WASHINGTON, November 21, 2014 — Will Republicans play into President Obama’s hands and let him outwit them again?
Newton’s Third Law is that for every action, there is an equal and opposite reaction. Obama may be attempting to induce Republicans to react in ways advantageous to him. According to Marc Theissen, speechwriter for President George W. Bush and Donald Rumsfeld and noted columnist, Obama’s speech last night was not about fixing immigration, but about politics.
Theissen says that the speech was about “the provoking of Republicans and invigorating a base that all but abandoned him in the 2016 mid term elections.” Republican reaction may not be a problem Obama has to deal with because of his immigration orders, but an intended result.

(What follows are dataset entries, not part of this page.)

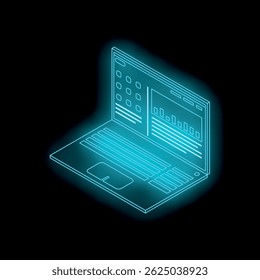 Laptop isométrico azul néon mostrando a interface de design do site em um fundo preto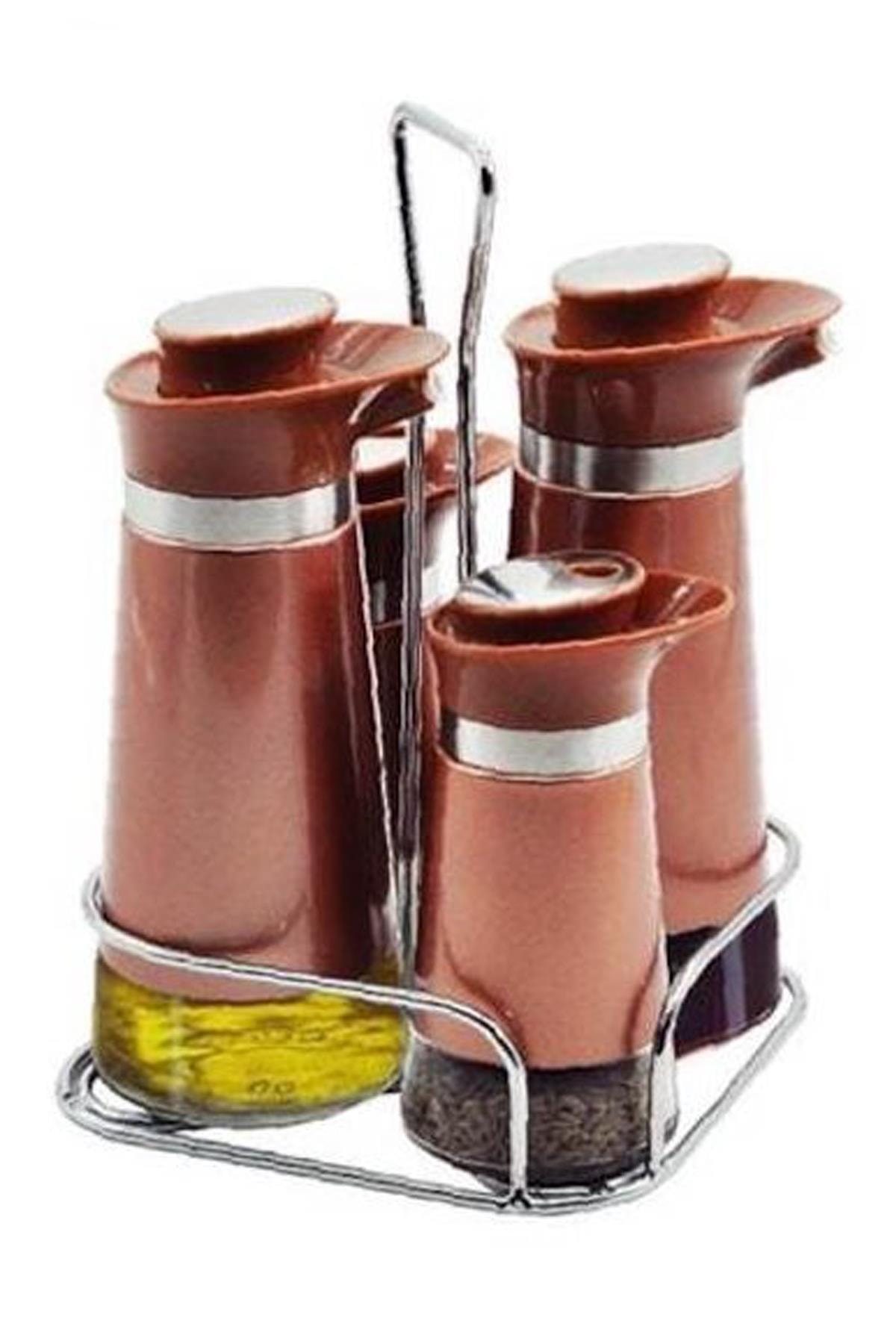 ALBETTO Bas Çek Kapaklı Cam Sosluk Yağlık Sirkelik Tuzluk Set Rosegold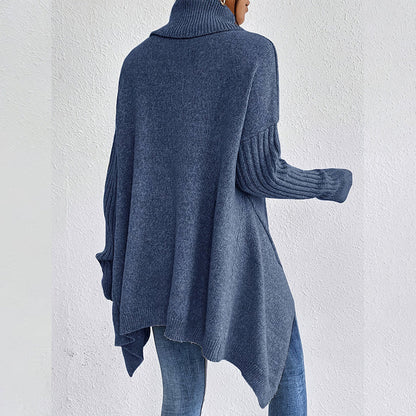 💖 Modischer Damenpullover in Volltonfarbe mit überschnittener Schulter, hohem Halsausschnitt und grobem Strick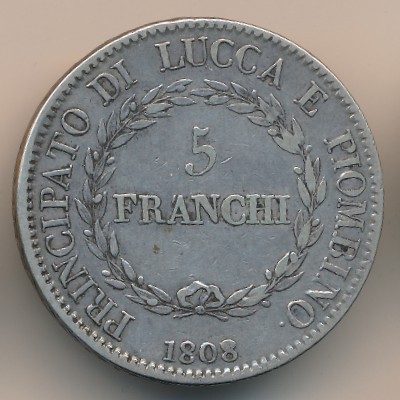Lucca, 5 franchi, 1805–1808
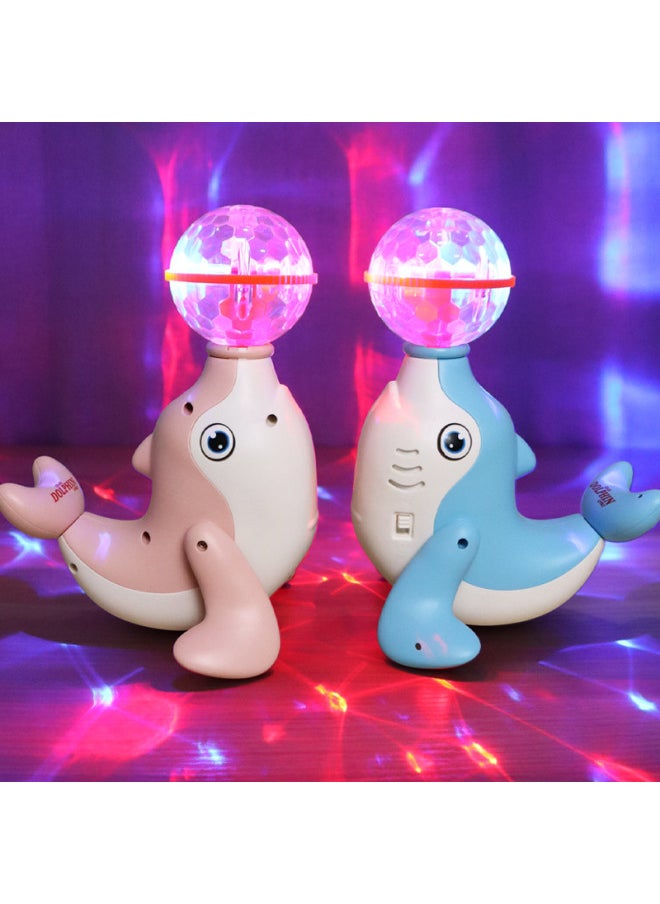 Electric Singing And Dancing Rotating Dolphin Children Boys Girls Babies Babies Stunt Sonic Running Toy-Color:Pink [without Battery]]  - Image 2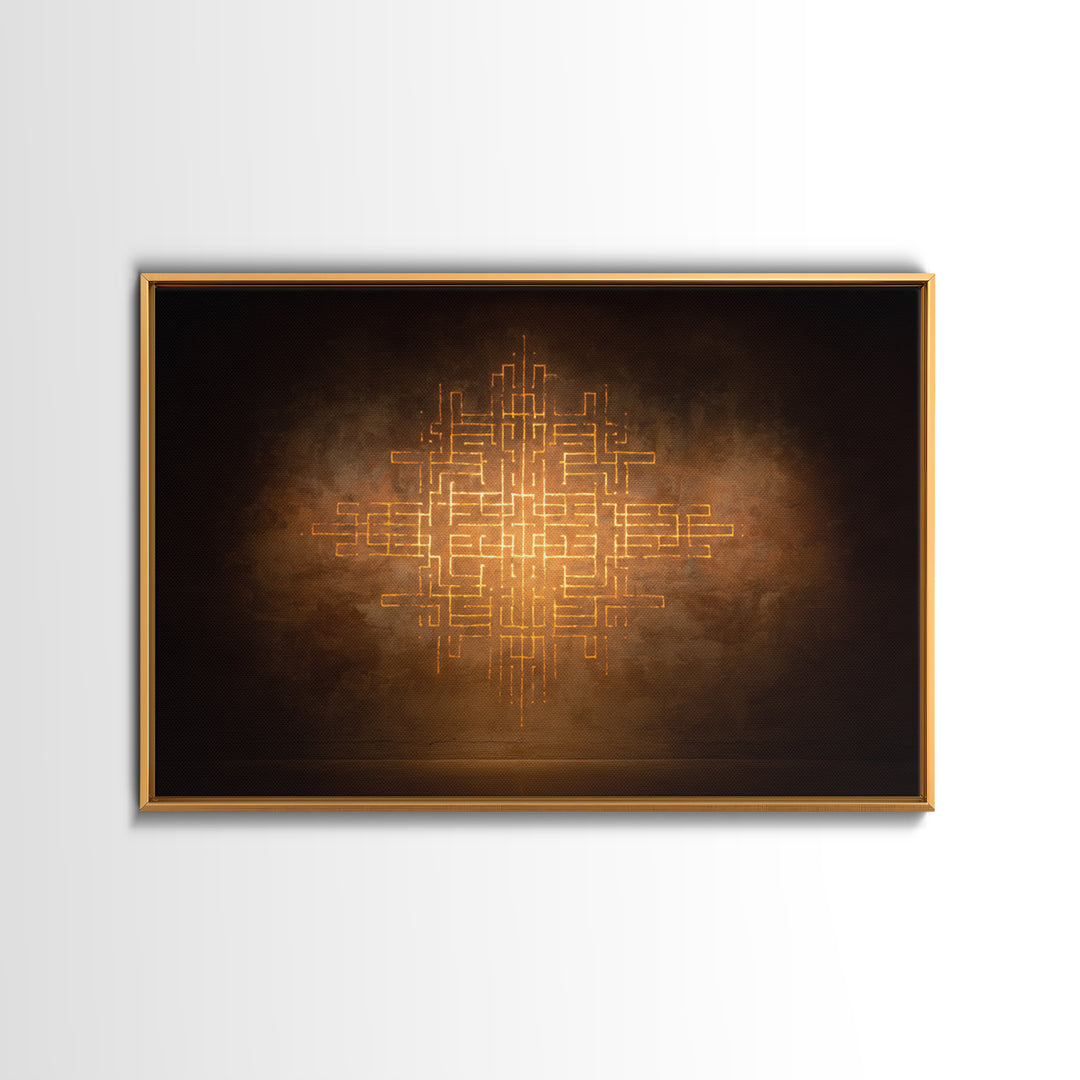 Glowing Gold Geometric Totem Canvas Print, African Abstract Wall Decor, Spiritual Symbol Art, Warm Brown Luxury Home Decor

Political pundit Charles Krauthammer, a Pulitzer Prize-winning syndicated columnist, political commentator and physician says that Obama is a skilled politician and that his policy announcement is “audacious,” making “chumps” out of anyone who has or is attempting to enter the U.S. legally. Krauthammer warns that Obama’s actions will open the borders, letting dangerous people enter almost unchecked. He also calls out the President for citing scripture to justify acting without Congress.
If he felt so strongly about the issue why did he delay announcing this until after he got past the (2014) election, because he knew if he announced it earlier, and after all it is supposed to be so urgent, it would have damaged the Democrats’ chances in the election. Why did he not do this before the 2012 election? Because he did not want to jeopardize his own chance for reelection. But more importantly, if he feels so strongly about this, and scripture dictates this ought to be done, why did he do nothing in 2009, 2010 when he had control of the White House, the House and the Senate and he could have done this legally.
The Republican response to Obama’s immigration plan by fiat — Latin for “let it be done” — has been similar. Obama could have waited for the new Congress that will be sworn in on January 6. He might have found an invigorated group willing to work with him, new faces and new ideas.
America should recognize that Obama is disingenuous in pushing this agenda forward now, after six years of inaction, including years when his party could have done it alone, if only he had asked.
Many of the complaints about Obama’s plans are not about their substance, or that immigration reform is unnecessary, but that Obama has chosen to evade our laws to take the easy route to getting what he wants, when he wants it.
The timing, as Krauthammer points out, is not so much for the benefit of Hispanics already in the U.S., but to goad a response from Republicans that he feels will upset America more than his faux amnesty.
Former Florida Gov. Jeb Bush, currently one of the lead Republican candidates for president in 2016 says Obama’s actions are ill-advised and will not lead to a permanent solution to the immigration crisis.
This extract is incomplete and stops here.